- Work required
Give back exactly the lines of the material below that start at the line containing "低過敏寢具、客房內保險箱、書桌、隔音" and end at the line containing "Akaaro Not Just", and no others.

- Data records
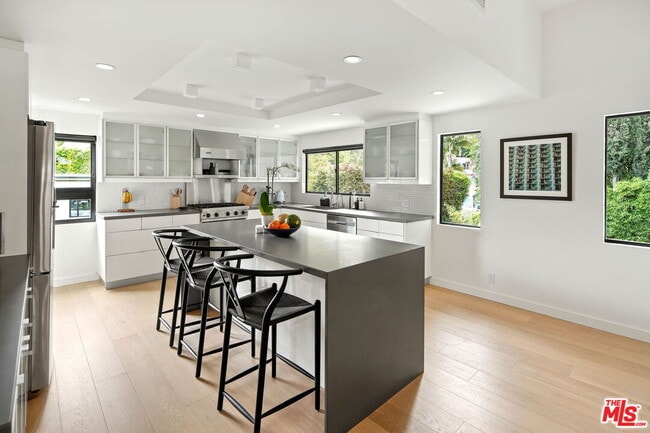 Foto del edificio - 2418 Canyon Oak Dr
* * *
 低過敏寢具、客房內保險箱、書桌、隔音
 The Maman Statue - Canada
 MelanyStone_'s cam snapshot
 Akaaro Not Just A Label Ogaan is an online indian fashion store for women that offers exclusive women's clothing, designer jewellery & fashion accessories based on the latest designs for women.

- Task output
 低過敏寢具、客房內保險箱、書桌、隔音
 The Maman Statue - Canada
 MelanyStone_'s cam snapshot
 Akaaro Not Just A Label Ogaan is an online indian fashion store for women that offers exclusive women's clothing, designer jewellery & fashion accessories based on the latest designs for women.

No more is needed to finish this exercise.